*** Exercise data Section Begins ***

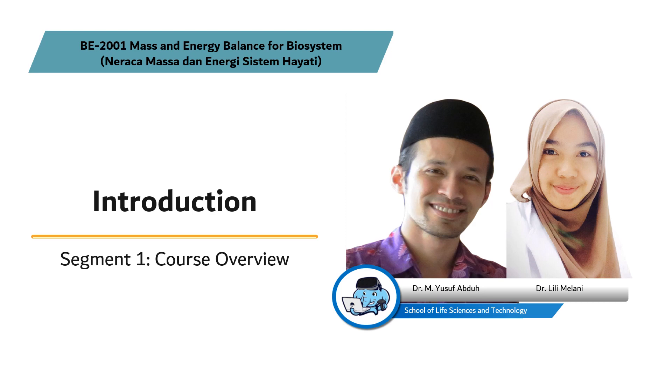Mass and Energy Balance for Biosystems is a compulsory course for forestry engineering undergraduate study program at Institute of Technology, Bandung. This course is offered in the event semester and the lecturers responsible for this subject are Yusuf and Lili from School of Life Sciences and Technology. This course consists of 16 modules and this is the first module introduction, segment 1, course overview.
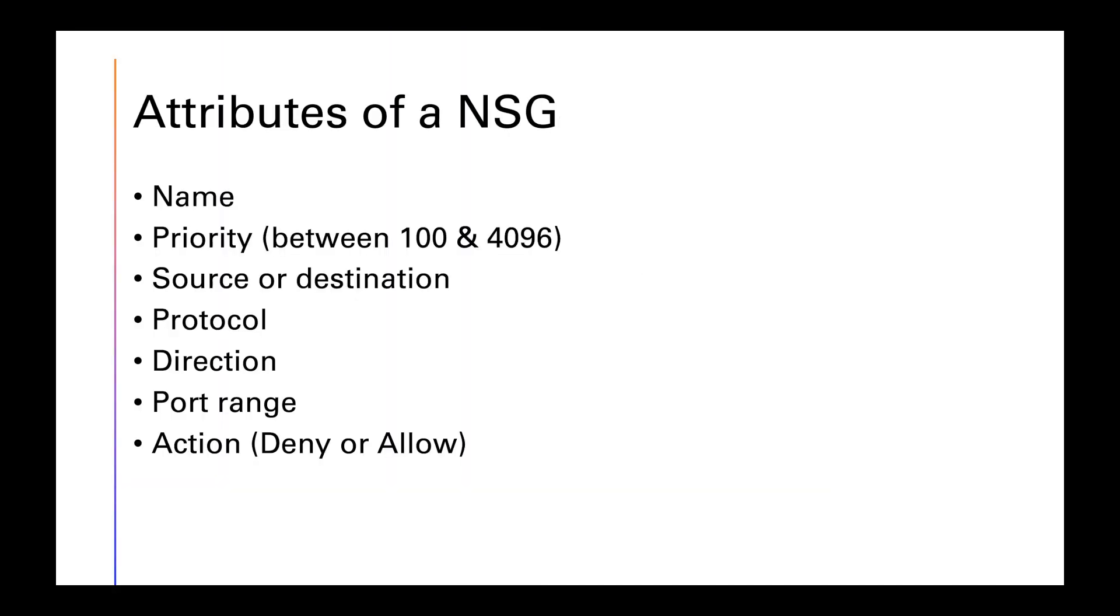Attributes of a NSG. First is the name. You have to name your network security group. Then, the priority. Is it between 100 and 4,096?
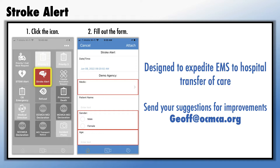If you have suggestions to make this notification better, send them to Geoff — that's G-E-O-F-F at O-C-M-C-A dot org.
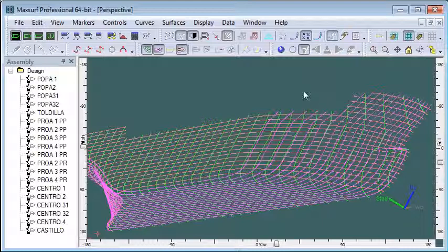Finally we turn off all of the contours except the ones that we want to send to ShipConstructor. So typically we'll send over sections to become frames, waterlines to become decks, and buttock lines to become longitudinal bulkheads.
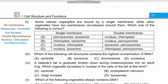Question 2: Some cellular organelles are bound by a single membrane while other organelles have two membranes around them. Which one of the following is correct? Remember: ribosomes, centrioles, and nucleolus are non-membranous — they have no membrane. Nucleus, chloroplast, and mitochondria are the three organelles that are double membrane-bound. All other organelles are single membrane-bound. Peroxisomes and lysosomes are single membrane-bound, while nucleus and chloroplast are double membrane-bound. So our right option is A.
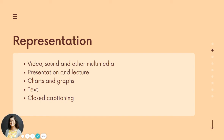For representation, provide different modes to help auditory, visual, or kinesthetic learners. You can use videos, sound, and other multimedia resources, a traditional lecture, and charts, graphs, and other visuals, as well as traditional text.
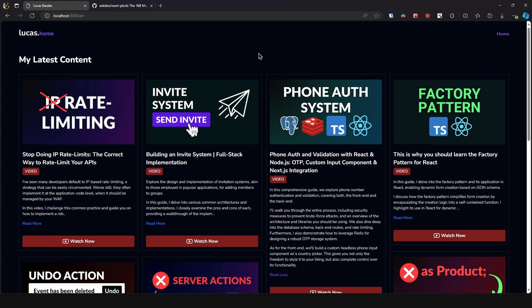In this video let's take a look at how we can create masonry layouts in React and Next.js when the content is pre-rendered in the server.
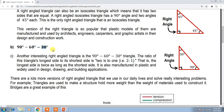This triangle is very special because the ratio of its longest side to its shortest side is 2 to 1.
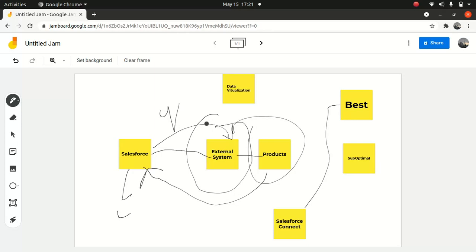You can access the data using a cross-org adapter, OData 2 adapter, or OData 4 adapter. In that case, you need to have a source that supports OData 2 or OData 4 as a producer. You can also create your own custom adapter using Apex, where you write your own Apex adapter to do that. This is very powerful — if the out-of-box cross-org adapter or OData 2 or OData 4 is not giving you what you need, you can always build your own custom adapter.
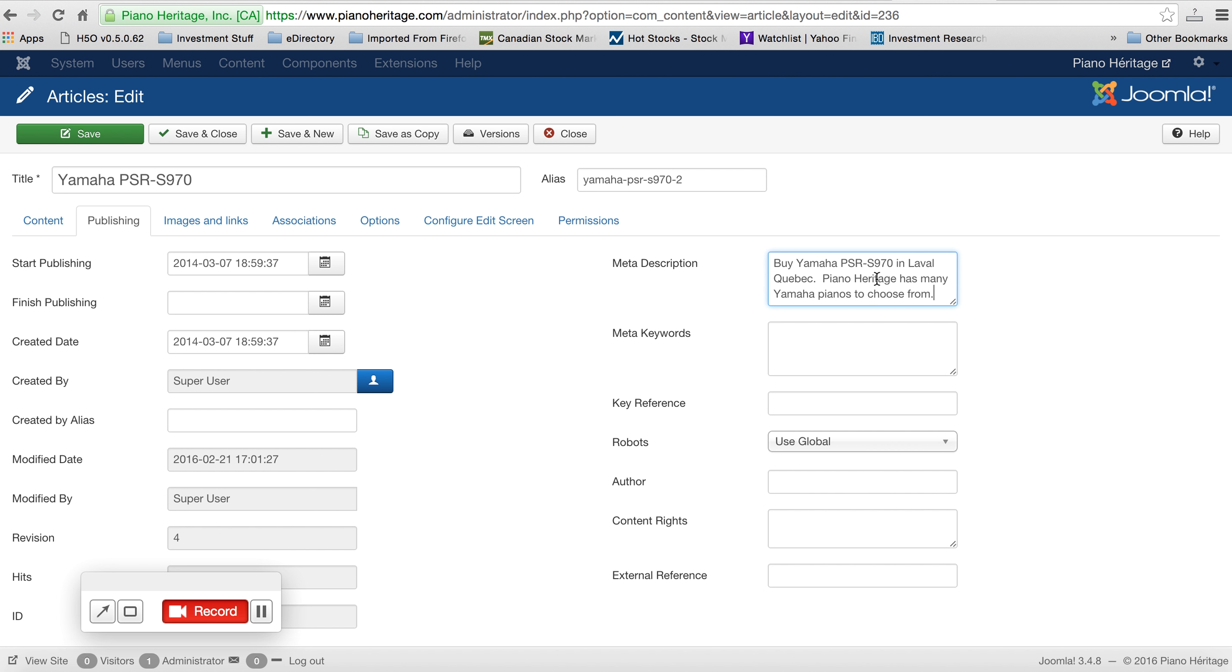So this just has your location in here, the brand, the manufacturer name a couple times, the model number.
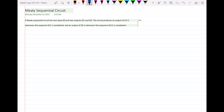We have one input x and two outputs z1 and z2. The difference from previous problems is that before we only had one output digit, either 0 or 1. Now I have z1 and z2, so my output will have two digits. The circuit produces an output of z1 equal to 1 whenever the sequence 0, 1, 1 is completed.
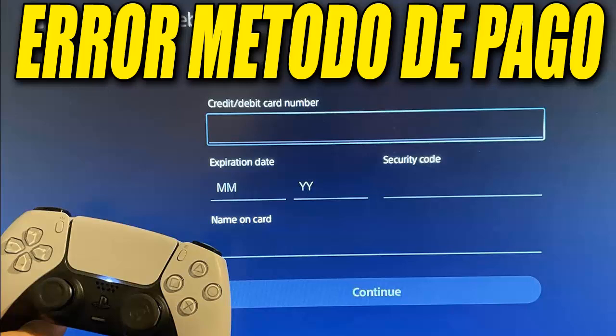Now, using the controller, enter the card number, expiration date, security code, and the cardholder's name. Make sure to enter all the information exactly as it appears on the card.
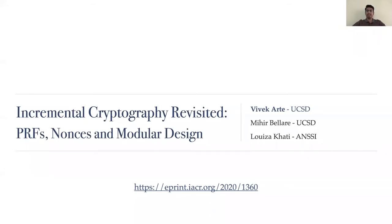Hi, I'm Vivek Arte and I'm going to talk about incremental cryptography and incremental pseudorandom functions. This is joint work with Mihir Bellare and Louisa Khate.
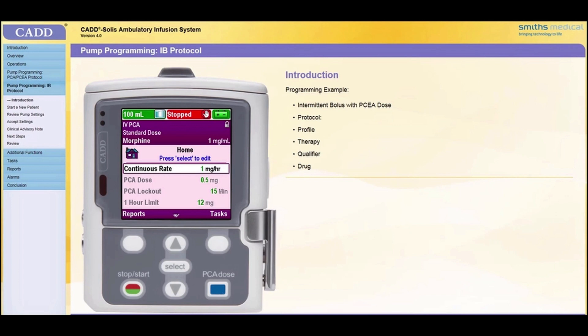It is given on a programmed schedule that is determined by the value of the bolus interval parameter. These parameters, as well as others, will be further explained later in this training module. When selecting a protocol, you will need to select the therapy, the qualifier, and the drug names, and then enter the appropriate security code, after which you can edit patient-specific parameters and prepare the infusion for the patient.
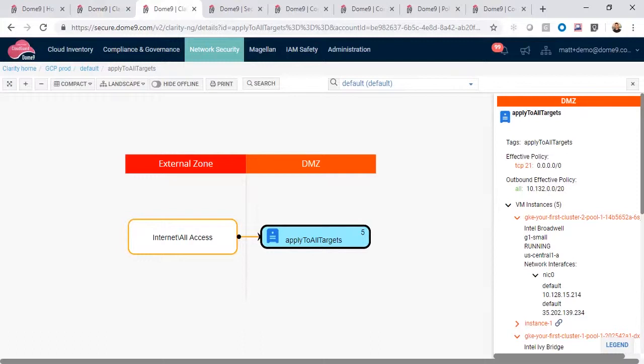All of which are based on the configuration of the cloud security groups. In this example, we only have cloud assets in the DMZ.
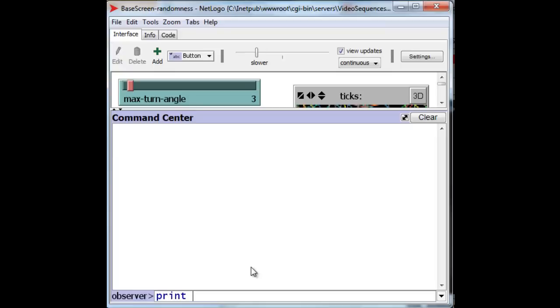23 and 19 and 33, but we want to multiply the sum of those by 4, and so we'll need to group them.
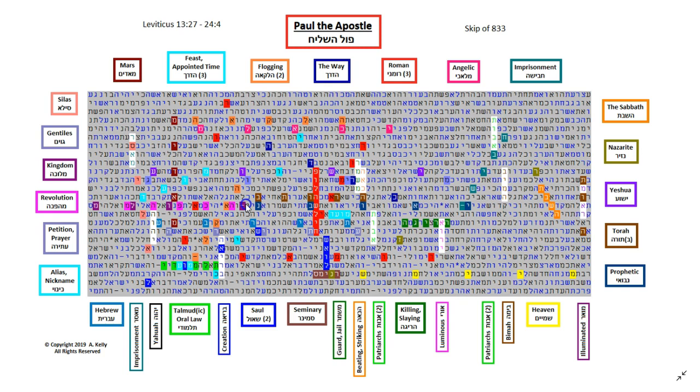So our revolution makes me think of a couple of verses out of the book of Acts. Acts 17, verse 6, it says these who have turned the world upside down. And it's talking about the believers. And Acts 24, verse 5 says about Paul. It says we have found this man to be a troublemaker, stirring up riots among the Jews all over the world. He is a ringleader of the Nazarene sect. So this new faith turned the world upside down. It was a revolution.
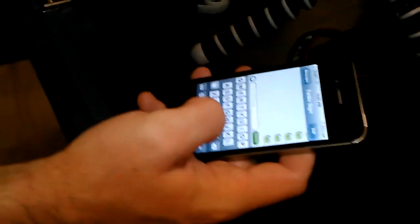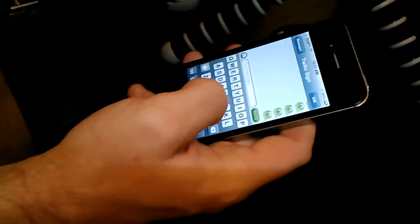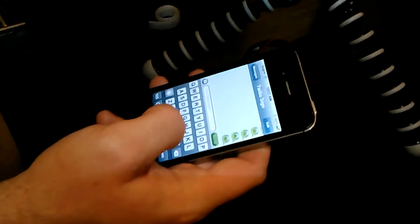Alright, we're going to try it out. From Twilio, to my server, to Notifier, to the Arduino, to the camera.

*** Exercise data Section Ends ***

| Exercise brief |
Look above for the line with "In this video" and the line with "This triangle is". Give again exactly those two lines and all lines between them, pictures excluded.

| Answer |
In this video let's take a look at how we can create masonry layouts in React and Next.js when the content is pre-rendered in the server.
This triangle is very special because the ratio of its longest side to its shortest side is 2 to 1.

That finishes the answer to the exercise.